So viel “Bild” muss nun wirklich nicht sein

Springer hat in dieser Woche für alle digitalen Angebote seines Boulevardblatts eine Bezahlschranke aufgebaut. Ich halte “BILDplus” für einen gewagten “Paradigmenwechsel”.

Die Hochwasserkatastrophe ist seit knapp zwei Wochen ein Top-Thema in der gedruckten „Bild“ und ihren digitalen Ablegern. Zum Nulltarif sind die Berichte aus den überfluteten Regionen seit Dienstag dieser Woche allerdings nur noch begrenzt zu haben. Springer hat die seit längerer Zeit angekündigte Bezahlschranke aufgebaut.

Wer beispielsweise wissen will, warum Michael Quitzsch, der „tagelang mit seiner Familie gegen das Chaos der Flut kämpfte“ und „trotz Krankschreibung seinen Job verlor“, muss ein Abonnement für „BILDplus“ abschließen. Das kostet zwischen 4,99 Euro pro Monat für den digitalen Zugang mit PC, Smartphone und Tablet und 14,99 Euro, wenn man „Bild“ dazu auch noch als digitale Zeitung sowie am Kiosk in gedruckter Form erhalten möchte. Wer ein solches Abo über den PC  bestellt, zahlt im ersten Monat für den „unverbindlichen Test“ lediglich 99 Cent. Erstaunlich – auf mobilen Endgeräten wird dieser Einstiegstarif nicht angeboten.

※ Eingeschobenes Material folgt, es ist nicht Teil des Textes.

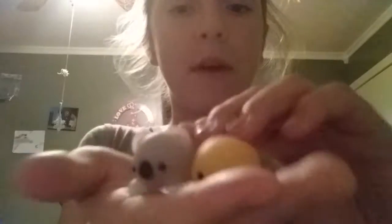Now, these aren't really squishies, but I wanted to include them because they are animals. I'm getting a little bear one, but you'll see that on the being good squishy package. I think it's a bear, but I don't know.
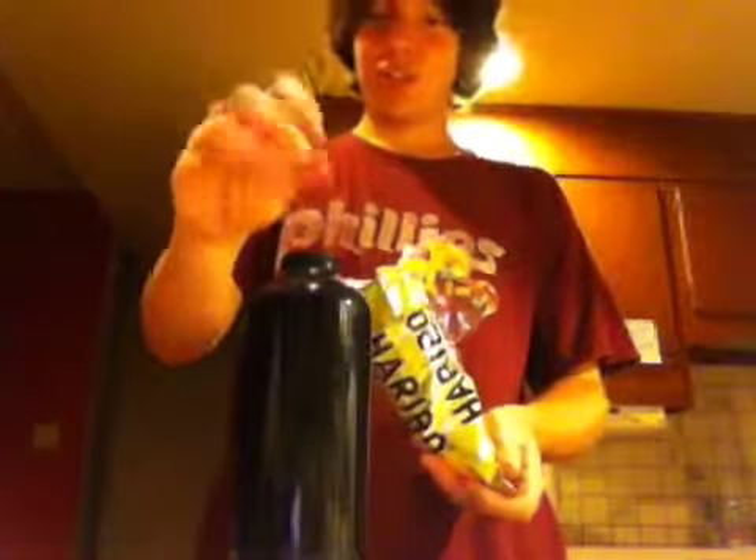Now to top it all off, some gummy bears. I prefer Haribo because they are the fruitiest and the chewiest. Just a few, you know. Not too many — only like half the bag.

Alle Abonnements sind nach Angaben bei „BILD.de“ monatlich kündbar. Wer genauer nachliest stellt jedoch fest, dass dabei eine Kündigungsfrist von „7 Tagen vor Ende der laufenden Vertragsperiode“ einzuhalten ist. Dafür – so verspricht es die Axel Springer AG – „haben Sie mit Ihrem BILDplus-Abo unbeschränkten Zugriff auf alle BILD-Inhalte, immer und überall“. Nur – wer will das schon?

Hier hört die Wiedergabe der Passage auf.